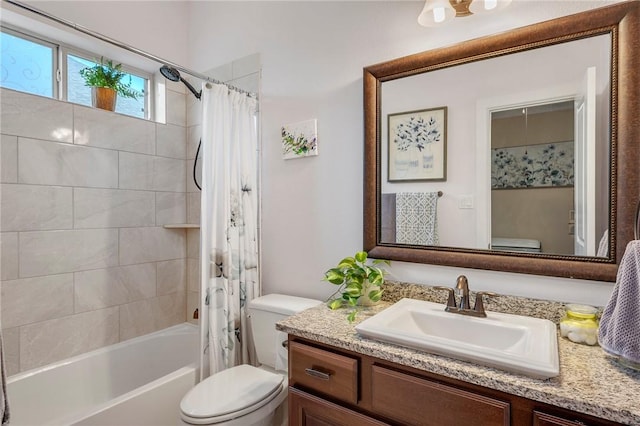 4314 Hadleigh Ln, College Station, TX 77845 - bathroom featuring toilet, vanity, and shower / tub combo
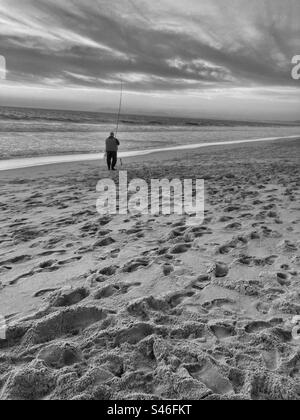 Pêcheur à la plage de Lagoa de Albufeira dans le comté de Setubal (région de Sesimbra, sud du Portugal). Image monochromatique au coucher du soleil. Banque D'Images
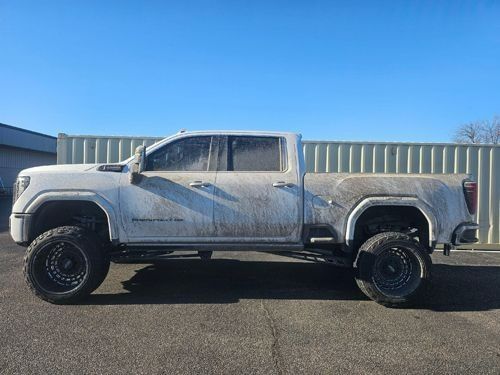 A muddy white pickup truck with oversized tires parked in front of a metal building under a clear blue sky.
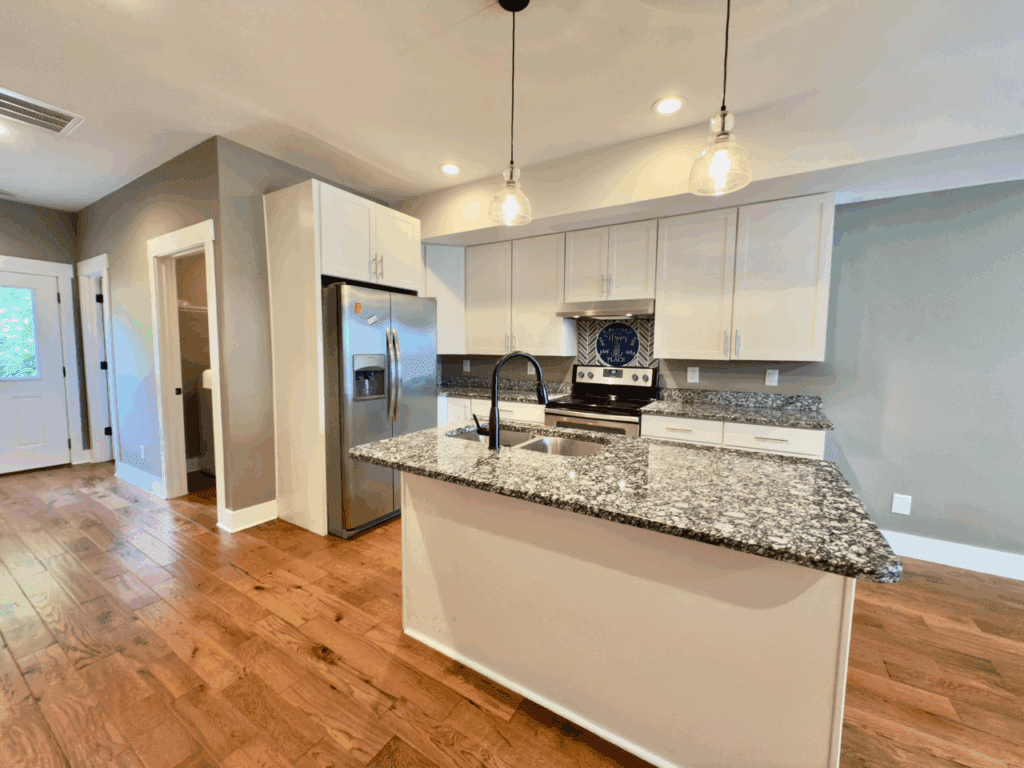Modern kitchen with stainless steel appliances, granite countertops, white cabinets, an island with a black faucet, pendant lights, and hardwood floors.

Your assignment:
When you repeat the listing, keep it exact and leave the pictures behind.

Result for this exercise:
 4314 Hadleigh Ln, College Station, TX 77845 - bathroom featuring toilet, vanity, and shower / tub combo
 Pêcheur à la plage de Lagoa de Albufeira dans le comté de Setubal (région de Sesimbra, sud du Portugal). Image monochromatique au coucher du soleil. Banque D'Images
 A muddy white pickup truck with oversized tires parked in front of a metal building under a clear blue sky.
Modern kitchen with stainless steel appliances, granite countertops, white cabinets, an island with a black faucet, pendant lights, and hardwood floors.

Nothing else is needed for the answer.